Is bicycling on the sidewalk legal?

The answer is maybe, depending on where you are. Traffic laws for bicycles in California are uniform, meaning they are the same in every city, with the exception of bike registration requirements and sidewalk cycling restrictions. This means that individual cities can decide whether or not biking on the sidewalk is allowed, in which parts of the city, and for whom. So, how does a bicyclist know what law applies to them in the city that they are traveling through at any given moment? In many cases it is not possible to know, so the best thing to do to ensure that you are riding legally is just avoid biking on the sidewalk altogether, and remain in the street instead.

Here is a list of all the cities in the East Bay, South Bay, and Peninsula, and the sidewalk cycling laws for each community. Keep in mind that although children are allowed to ride on the sidewalk in some cities this does not mean that they are required to do so. Also note that if a jurisdiction does not specifically regulate sidewalk cycling via their local code then it is permitted everywhere (the “No Data” column below):

If a sidewalk is designated as a “bike path” by a city then it is legal to bike on, although the same risks associated with sidewalk cycling may still apply.

Is bicycling on the sidewalk safe?

Sidewalks are designed to be used by people on foot, and are not expected to accommodate people traveling a bicycle speeds. The narrow width leaves little room to maneuver, and the number of concrete seams creates an uneven surface which may cause a crash. Also, drivers pulling out of driveways and side streets will not be expecting traffic moving the speed of a bicycle on the sidewalk and might not see or avoid you, even if you have the right of way.

If you do not feel comfortable riding your bicycle in the street on a specific stretch of roadway, try dismounting and walking your bike on the sidewalk until you reach a location where you can ride in the street again. However, if you do bike on the sidewalk for any reason, consider the following:

  • Ride in the direction of traffic, not against it (cross the street to the opposite sidewalk if necessary)
  • Keep your speed below 10 mph, as close to a walking pace as possible
  • Yield to any pedestrians on the sidewalk, and when passing call out and use extreme caution
  • Keep your distance from doorways or side paths, and always look for and yield to cars pulling out of driveways and side streets

Is bicycling in a crosswalk legal?

Again the answer is maybe.
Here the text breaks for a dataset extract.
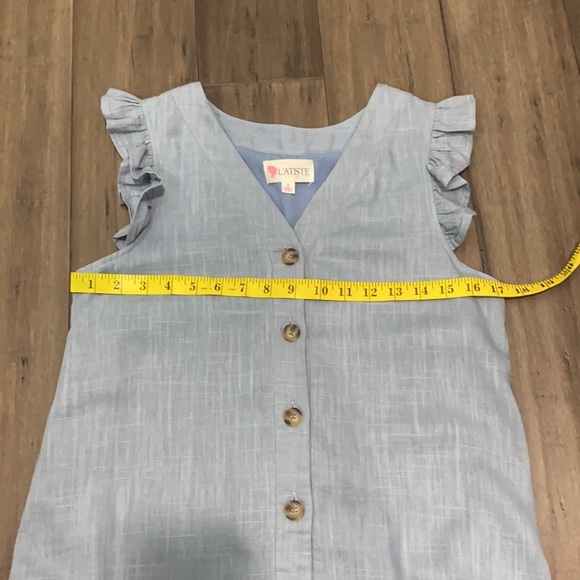 L’ ATISTE blue linen dress button front ruffle bottom - Picture 6 of 7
The California vehicle code defines sidewalks and crosswalks separately, which implies that for biking in a crosswalk to be illegal a city’s municipal code must specifically ban it, in addition to sidewalk cycling. However, a police officer or a judge may choose to interpret this legal grey area differently, so use your best judgement and when in doubt just walk your bike.

In any situation, a crosswalk connecting to a bicycle path is legal for bicyclists to ride in (per vehicle code section 21650g, and section 213.6), although standard right of way rules still apply.